Bölgesel bir güç olmak yolunda emin adımlarla yol alan Türk Devletleri Teşkilatının (TDT) da güvenlik alanında üye devletlerarasında işbirliğinin geliştirilmesi konusunda birçok faaliyetleri icra etmektedir. Cumhurbaşkanı Aliyev, 3 Kasım 2023’te “Türk Devri” mottosuyla gerçekleşen Astana Zirvesinde yaptığı konuşmada bu hususu şöyle dile getirmiştir:
“Ne yazık ki, bugün dünyanın çeşitli bölgelerinde uluslararası hukuk normları ağır bir şekilde ihlal ediliyor. Savaşlar ve kanlı çatışmalar yaşanıyor. Böyle bir durumda, her şeyden önce ülkelerin savunma potansiyeli, güvenliğin temel garantisi haline geliyor. Üye devletler arasında güvenlik, savunma ve savunma sanayii gibi alanlarda iş birliğinin daha da artırılması gerektiğine inanıyorum.”

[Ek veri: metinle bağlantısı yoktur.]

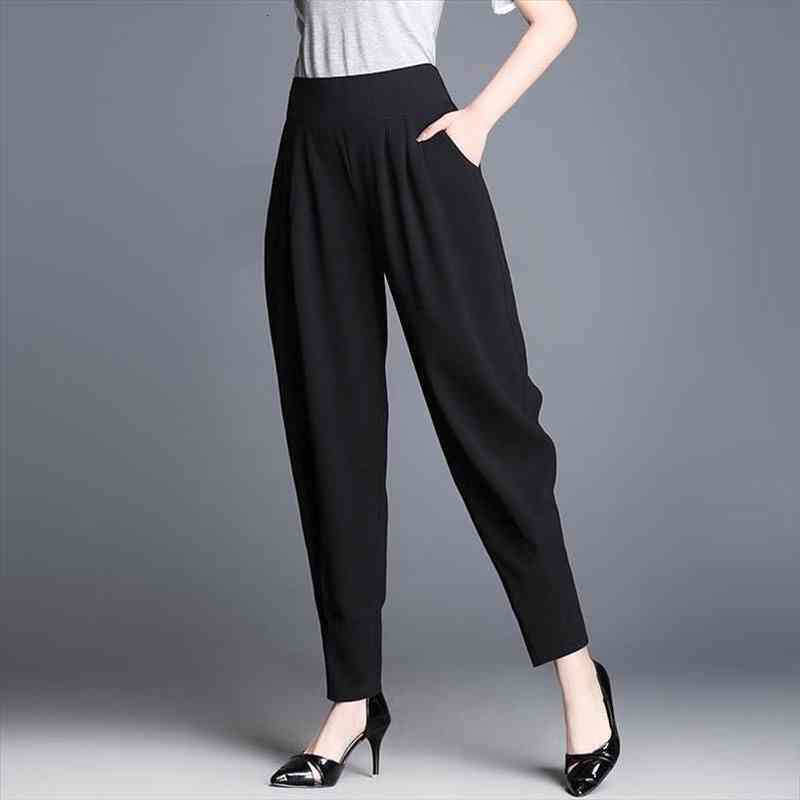 

Spring Summer Women Harem Pants Plus Size Loose Casual High Waist Long Pants Pocket Female Trousers Big Size D43, Black;white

TDT’nin yol haritası hükmünde olan Türk Dünyası 2040 Vizyonu belgesinde üye ülkeler arasında güvenlik alanında işbirliğine ilişkin ayrı bir başlık açılmıştır. Söz konusu belgeye göre, Üye Devletlerarasında işbirliği ve bilgi paylaşımı ağları oluşturarak radikalleşme, şiddet içeren aşırılık, İslamofobi, yabancı düşmanlığı ve terörizmle mücadele etmek; yasa dışı uyuşturucu, düzensiz göç, insan kaçakçılığı, silah ve organ ticareti ile ekonomik, mali ve siber suçlar gibi ulus ötesi organize suçlarla etkin bir şekilde mücadele etmek; ayrıca göç yönetimi konularında, insani yardım, eğitim ve sağlık hizmetlerini de kapsayan çok taraflı iletişim ve işbirliği kanalları aracılığıyla daha iyi planlanmış müdahaleler gerçekleştirmenin gerekliliği vurgulamıştır.

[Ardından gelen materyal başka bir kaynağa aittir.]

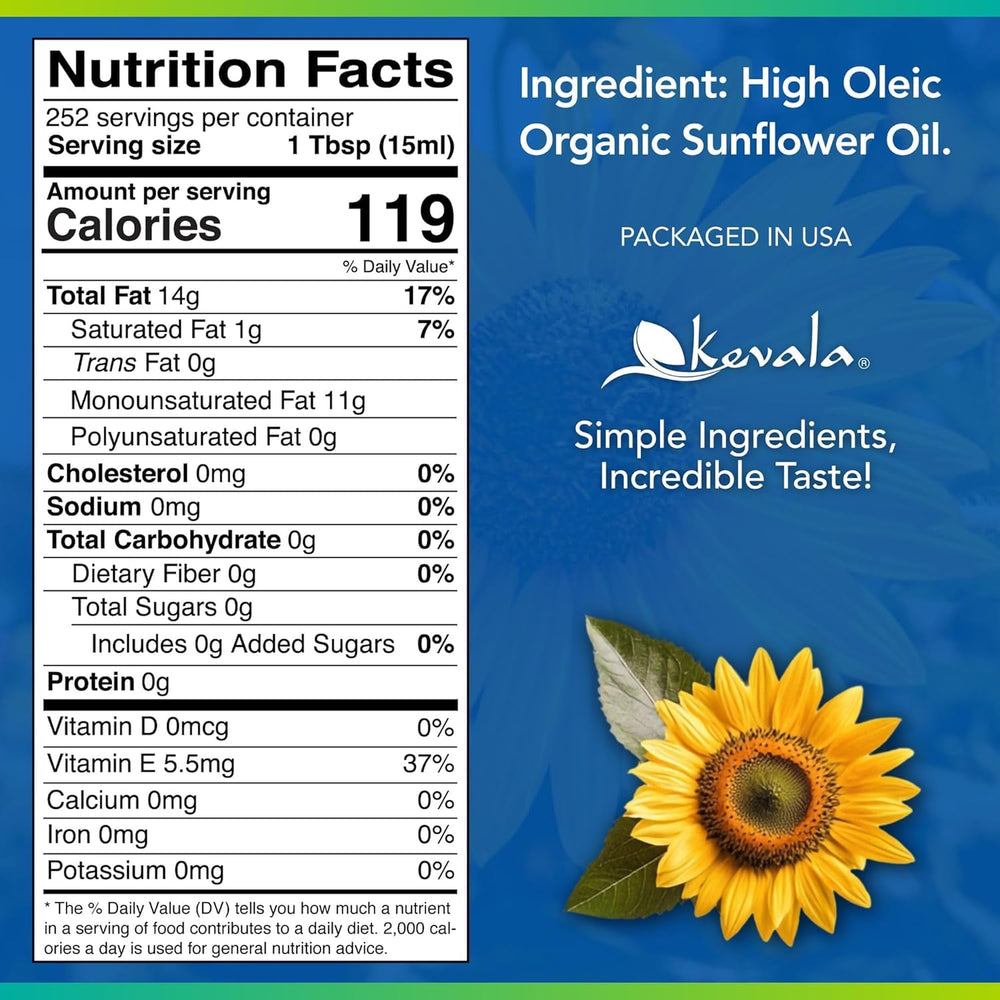 Kevala Organic Sunflower Oil label closeup emphasizes certified quality for healthy meals.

Bu kapsamda TDT bünyesinde TDT Güvenlik Konseyi Sekreterleri toplantısı yapılmaktadır. Bu yıl TDT Güvenlik Konseyi Sekreterleri’nin 4. Toplantısı 11–12 Eylül 2025 tarihlerinde Bişkek’te gerçekleştirilmiştir. Türk Dünyası’nın güvenlik iş birliğini kurumsal düzeye taşıma yönünde kritik bir adım olarak değerlendirecek bu toplantıya Azerbaycan, Kazakistan, Kırgızistan, Türkiye, Özbekistan ve TDT Genel Sekreteri katılım sağlamış, gündemde terörizm, aşırılık, uyuşturucu trafiği, enformasyon ve siber güvenlik gibi bölgesel tehditler ön plana çıkmıştır. Görüşmelerde, Güvenlik Konseyi Sekreterleri, TDT çerçevesinde mevcut güvenlik işbirliğini somut projeler ve programlarla güçlendirmeye yönelik mekanizmaların geliştirilmesi konusuna özel önem verdiklerini ifade etmişlerdir.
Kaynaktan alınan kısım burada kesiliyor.